> **WORK TO BE COMPLETED**:
Transcription task. Write out each entry verbatim and exclude any image.

> **RECORD EXTRACTS**:
━━━━━━━━━━━━━━━━
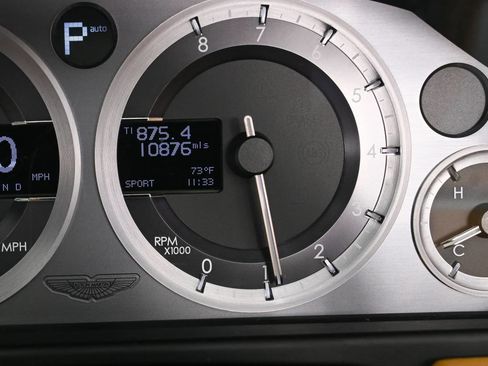 Used 2014 Aston Martin DB9 Volante RWD image 31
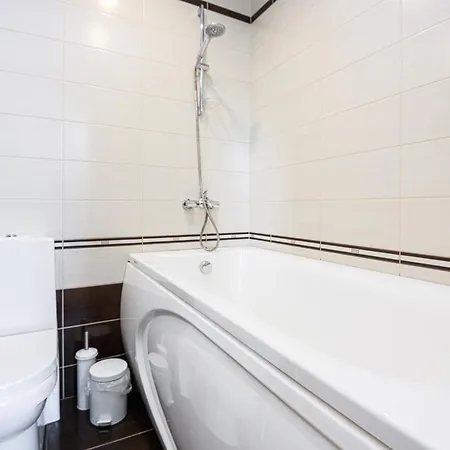 アパート Rueuetli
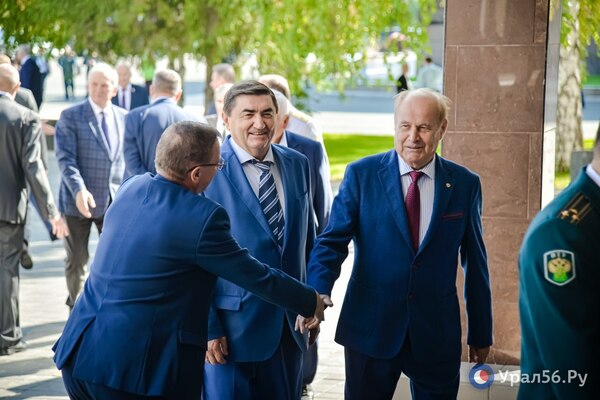 Дети, жена и экс-губернаторы в первом ряду: В Оренбурге прошла инаугурация Евгения Солнцева. Как это было?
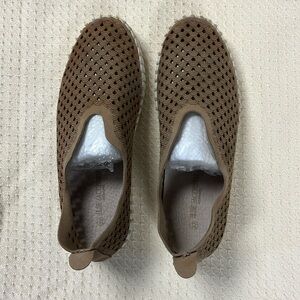 These are used but good condition isle Jacobson shoes. Tan size 37.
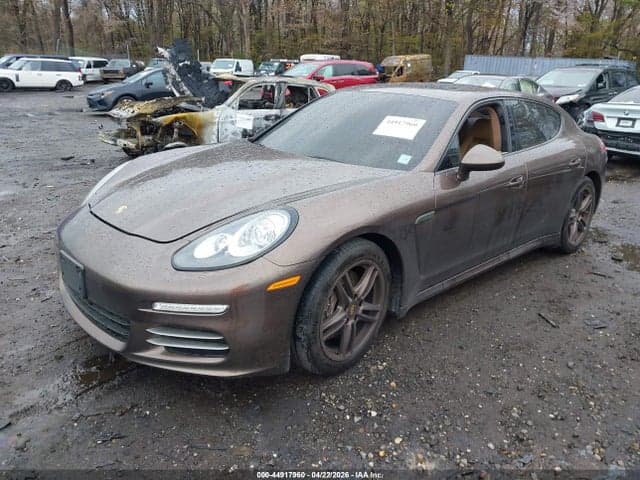 2015 PORSCHE PANAMERA 4 2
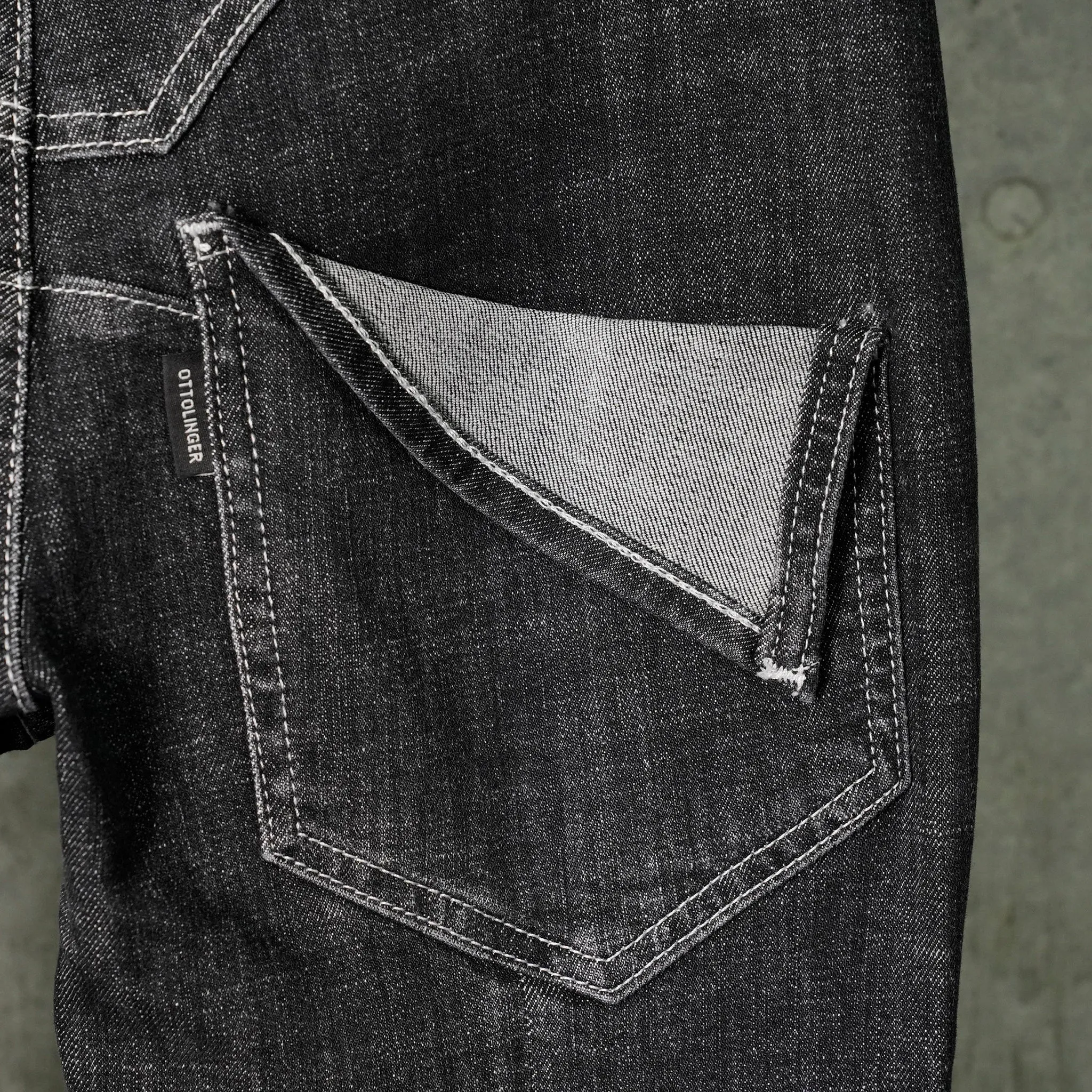 OPEN BACK JEANS / BLACK WASH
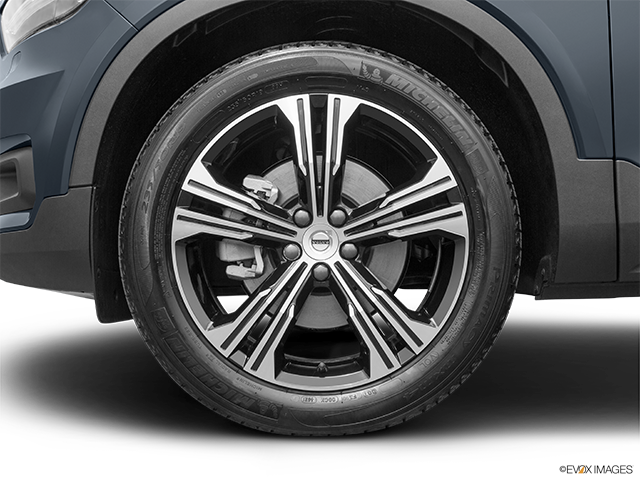 2022 Volvo XC40 | Front Drivers side wheel at profile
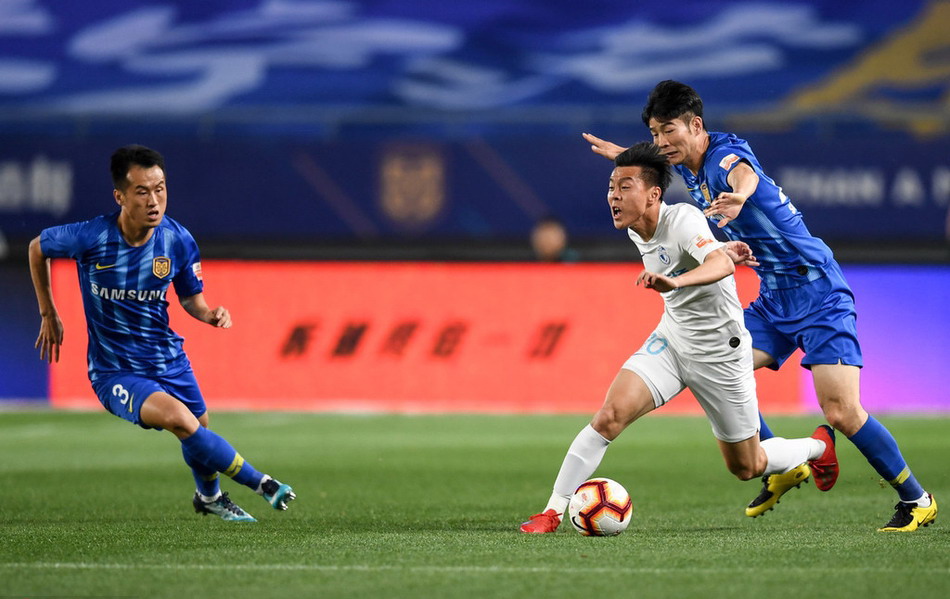 风云突变法兰克福清晨再遭质疑，中超版图或变，管理层满意，球探报告显示潜力的简单介绍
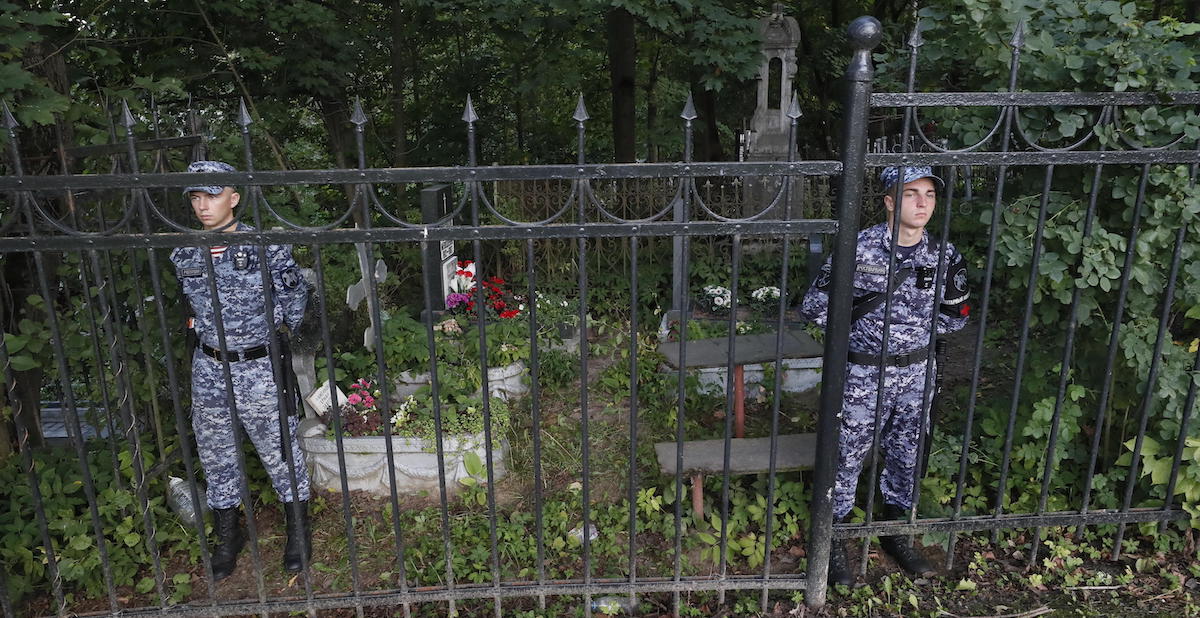 Uomini della Rosguardia attorno al perimetro del cimitero dove si è tenuto il funerale di Prigozhin (EPA/ANATOLY MALTSEV)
━━━━━━━━━━━━━━━━
> **OUTPUT OF THE EXERCISE**:
 Used 2014 Aston Martin DB9 Volante RWD image 31
 アパート Rueuetli
 Дети, жена и экс-губернаторы в первом ряду: В Оренбурге прошла инаугурация Евгения Солнцева. Как это было?
 These are used but good condition isle Jacobson shoes. Tan size 37.
 2015 PORSCHE PANAMERA 4 2
 OPEN BACK JEANS / BLACK WASH
 2022 Volvo XC40 | Front Drivers side wheel at profile
 风云突变法兰克福清晨再遭质疑，中超版图或变，管理层满意，球探报告显示潜力的简单介绍
 Uomini della Rosguardia attorno al perimetro del cimitero dove si è tenuto il funerale di Prigozhin (EPA/ANATOLY MALTSEV)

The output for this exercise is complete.